What is AI-crime and who, if anyone, should be blamed for it? The thesis addresses the question in three parts: the emergence of AI-crime, the challenges it poses, and the path ahead .

First, it develops a more precise and empirically informed definition of AI-crime as a new risk category. Not every harmful outcome caused by an AI system qualifies as an AI-crime . Only when an increasingly agentic AI system strategically pursues its assigned goal in a manner that is not merely misaligned or unethical but also illegal – that is, conduct that would constitute a crime if performed by a human possessing the requisite mens rea – can the emerging AI behaviour be properly described as an instance of AI-crime .

While the definition of this phenomenon is new, its underlying legal challenges are not. Criminal law theory has long grappled with scenarios where AI systems unforeseeably cause harm, and there is no culpable human actor , asking the who is to blame question.
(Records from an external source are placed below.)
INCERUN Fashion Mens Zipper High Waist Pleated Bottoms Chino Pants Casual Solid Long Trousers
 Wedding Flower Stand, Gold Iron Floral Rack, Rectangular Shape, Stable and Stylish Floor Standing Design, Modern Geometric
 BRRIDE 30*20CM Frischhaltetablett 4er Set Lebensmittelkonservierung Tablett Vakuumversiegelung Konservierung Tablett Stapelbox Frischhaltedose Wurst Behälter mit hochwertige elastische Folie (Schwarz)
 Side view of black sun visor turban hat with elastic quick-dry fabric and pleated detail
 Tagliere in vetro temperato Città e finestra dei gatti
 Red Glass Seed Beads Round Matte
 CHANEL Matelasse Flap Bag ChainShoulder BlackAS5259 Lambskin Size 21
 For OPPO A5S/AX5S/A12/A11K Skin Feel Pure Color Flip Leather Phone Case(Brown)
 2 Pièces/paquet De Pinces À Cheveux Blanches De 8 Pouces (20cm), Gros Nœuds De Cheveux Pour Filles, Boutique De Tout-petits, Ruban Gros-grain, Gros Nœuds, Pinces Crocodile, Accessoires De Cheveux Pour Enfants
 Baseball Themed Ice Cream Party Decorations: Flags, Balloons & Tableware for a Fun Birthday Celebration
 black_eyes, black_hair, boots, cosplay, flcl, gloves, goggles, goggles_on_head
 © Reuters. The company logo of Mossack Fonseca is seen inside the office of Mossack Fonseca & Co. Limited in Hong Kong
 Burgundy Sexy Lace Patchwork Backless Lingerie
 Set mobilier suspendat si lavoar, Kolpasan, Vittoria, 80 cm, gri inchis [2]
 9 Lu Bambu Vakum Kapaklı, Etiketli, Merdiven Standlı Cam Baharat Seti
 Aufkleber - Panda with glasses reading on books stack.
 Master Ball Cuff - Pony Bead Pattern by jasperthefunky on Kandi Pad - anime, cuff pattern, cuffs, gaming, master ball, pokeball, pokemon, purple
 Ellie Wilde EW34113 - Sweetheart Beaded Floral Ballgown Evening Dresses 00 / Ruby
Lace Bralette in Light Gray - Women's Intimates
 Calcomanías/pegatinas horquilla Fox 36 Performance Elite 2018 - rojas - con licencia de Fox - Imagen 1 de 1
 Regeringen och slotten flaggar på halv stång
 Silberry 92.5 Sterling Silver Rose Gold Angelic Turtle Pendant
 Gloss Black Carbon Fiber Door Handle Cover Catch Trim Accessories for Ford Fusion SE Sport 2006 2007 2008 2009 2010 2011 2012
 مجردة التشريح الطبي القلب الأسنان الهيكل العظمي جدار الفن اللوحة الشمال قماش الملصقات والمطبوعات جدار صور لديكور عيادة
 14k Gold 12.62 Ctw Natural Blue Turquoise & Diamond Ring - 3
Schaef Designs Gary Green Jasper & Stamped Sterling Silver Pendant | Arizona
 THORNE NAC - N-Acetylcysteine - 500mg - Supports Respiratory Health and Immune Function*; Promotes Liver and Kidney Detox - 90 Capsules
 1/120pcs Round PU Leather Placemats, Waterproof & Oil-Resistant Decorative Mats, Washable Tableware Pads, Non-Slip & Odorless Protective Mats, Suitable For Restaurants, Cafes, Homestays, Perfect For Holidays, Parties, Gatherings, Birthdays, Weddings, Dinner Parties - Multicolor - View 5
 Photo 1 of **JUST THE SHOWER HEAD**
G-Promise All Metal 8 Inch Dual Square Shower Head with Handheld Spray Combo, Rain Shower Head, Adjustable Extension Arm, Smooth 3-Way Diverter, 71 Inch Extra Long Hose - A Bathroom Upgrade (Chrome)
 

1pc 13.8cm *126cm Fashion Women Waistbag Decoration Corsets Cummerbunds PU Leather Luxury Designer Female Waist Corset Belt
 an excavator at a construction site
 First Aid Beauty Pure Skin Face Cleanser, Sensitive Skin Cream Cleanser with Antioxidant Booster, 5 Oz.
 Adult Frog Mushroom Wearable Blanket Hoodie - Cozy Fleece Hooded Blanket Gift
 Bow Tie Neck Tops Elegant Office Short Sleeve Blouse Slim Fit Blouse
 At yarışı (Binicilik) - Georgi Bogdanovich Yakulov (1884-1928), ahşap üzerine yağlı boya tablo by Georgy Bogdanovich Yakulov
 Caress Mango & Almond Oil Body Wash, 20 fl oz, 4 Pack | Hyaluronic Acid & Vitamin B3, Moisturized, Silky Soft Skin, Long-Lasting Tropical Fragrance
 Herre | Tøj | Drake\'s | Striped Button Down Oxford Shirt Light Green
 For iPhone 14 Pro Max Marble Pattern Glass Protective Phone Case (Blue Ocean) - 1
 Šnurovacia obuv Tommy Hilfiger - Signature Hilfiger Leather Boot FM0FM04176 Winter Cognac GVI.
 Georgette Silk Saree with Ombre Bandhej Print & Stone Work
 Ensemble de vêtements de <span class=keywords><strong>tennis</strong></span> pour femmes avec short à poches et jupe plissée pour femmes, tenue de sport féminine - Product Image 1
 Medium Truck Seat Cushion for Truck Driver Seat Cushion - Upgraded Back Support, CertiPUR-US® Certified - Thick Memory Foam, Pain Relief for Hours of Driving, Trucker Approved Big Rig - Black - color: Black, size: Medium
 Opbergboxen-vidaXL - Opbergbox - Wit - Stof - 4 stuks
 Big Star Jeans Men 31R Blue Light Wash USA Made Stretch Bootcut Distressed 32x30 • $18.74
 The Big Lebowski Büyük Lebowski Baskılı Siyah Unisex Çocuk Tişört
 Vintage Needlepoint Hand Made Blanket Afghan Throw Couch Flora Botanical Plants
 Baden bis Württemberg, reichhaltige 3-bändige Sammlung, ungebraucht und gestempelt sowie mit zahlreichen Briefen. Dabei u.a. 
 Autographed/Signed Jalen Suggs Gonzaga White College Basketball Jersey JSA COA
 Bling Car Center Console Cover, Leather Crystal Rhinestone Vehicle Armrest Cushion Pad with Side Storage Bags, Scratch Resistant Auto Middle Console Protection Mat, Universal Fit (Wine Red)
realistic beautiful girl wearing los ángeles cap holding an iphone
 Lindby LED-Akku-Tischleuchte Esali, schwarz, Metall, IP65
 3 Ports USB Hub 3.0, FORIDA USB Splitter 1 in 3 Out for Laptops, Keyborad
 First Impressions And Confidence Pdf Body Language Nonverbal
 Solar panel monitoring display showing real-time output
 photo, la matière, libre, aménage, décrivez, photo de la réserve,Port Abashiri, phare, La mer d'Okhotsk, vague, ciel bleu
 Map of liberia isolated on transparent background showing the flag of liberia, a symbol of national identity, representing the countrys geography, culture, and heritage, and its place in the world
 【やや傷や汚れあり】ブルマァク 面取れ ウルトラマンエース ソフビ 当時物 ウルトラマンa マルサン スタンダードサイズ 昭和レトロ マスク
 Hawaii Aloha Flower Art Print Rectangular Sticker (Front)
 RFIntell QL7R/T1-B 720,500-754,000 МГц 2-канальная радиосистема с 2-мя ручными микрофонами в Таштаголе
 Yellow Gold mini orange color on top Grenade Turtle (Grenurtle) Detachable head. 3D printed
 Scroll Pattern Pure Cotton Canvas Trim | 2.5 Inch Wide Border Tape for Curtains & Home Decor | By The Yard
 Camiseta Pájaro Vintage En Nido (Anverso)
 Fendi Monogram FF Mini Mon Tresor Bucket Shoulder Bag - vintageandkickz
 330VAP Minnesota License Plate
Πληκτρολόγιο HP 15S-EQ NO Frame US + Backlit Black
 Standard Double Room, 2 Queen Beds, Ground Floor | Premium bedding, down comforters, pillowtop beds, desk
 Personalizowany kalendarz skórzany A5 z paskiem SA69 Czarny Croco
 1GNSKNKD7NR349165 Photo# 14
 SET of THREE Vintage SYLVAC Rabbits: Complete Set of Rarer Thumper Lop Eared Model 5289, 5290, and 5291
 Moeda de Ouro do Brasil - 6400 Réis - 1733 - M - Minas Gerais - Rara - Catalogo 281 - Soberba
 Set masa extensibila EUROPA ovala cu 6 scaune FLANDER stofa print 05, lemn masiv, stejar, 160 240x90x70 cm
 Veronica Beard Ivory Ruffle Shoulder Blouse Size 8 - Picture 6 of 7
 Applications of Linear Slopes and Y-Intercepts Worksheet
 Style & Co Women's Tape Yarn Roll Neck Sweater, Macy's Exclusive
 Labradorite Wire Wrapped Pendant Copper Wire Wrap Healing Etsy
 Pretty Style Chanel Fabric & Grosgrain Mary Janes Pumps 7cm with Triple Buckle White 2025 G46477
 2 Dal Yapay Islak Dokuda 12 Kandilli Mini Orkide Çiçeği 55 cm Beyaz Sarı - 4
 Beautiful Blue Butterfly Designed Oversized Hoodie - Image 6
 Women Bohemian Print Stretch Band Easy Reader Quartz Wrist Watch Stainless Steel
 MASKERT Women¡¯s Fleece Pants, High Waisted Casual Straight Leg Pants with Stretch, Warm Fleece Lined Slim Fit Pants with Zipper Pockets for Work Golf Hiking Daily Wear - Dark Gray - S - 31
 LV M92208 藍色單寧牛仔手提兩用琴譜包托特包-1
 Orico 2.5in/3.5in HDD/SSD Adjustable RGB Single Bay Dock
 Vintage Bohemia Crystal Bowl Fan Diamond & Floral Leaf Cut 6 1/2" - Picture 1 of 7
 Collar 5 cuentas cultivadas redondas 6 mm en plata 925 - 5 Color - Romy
The thesis systematises that fragmented literature and argues that as long as it rests on a person vs thing legal binary that fails to grasp the new form of harmful, non-human agency that AI agents represent, it inevitably reaches a stalemate.

The path forward lies in considering AI agents as new actors in criminal law, between persons and things . These actors may intentionally engage in criminal behaviour, yet, like children or the mentally impaired, remain non-culpable and unpunishable. Unlike children or the mentally impaired, however, we can intervene ex ante in the decision-making of AI agents and implement legal compliance mechanisms (eg through the AI deterrence formula ). In any case, the only eligible candidates for punishment remain the human principals for failing to embed such mechanisms into their AI agents or for carelessly delegating their agency to them.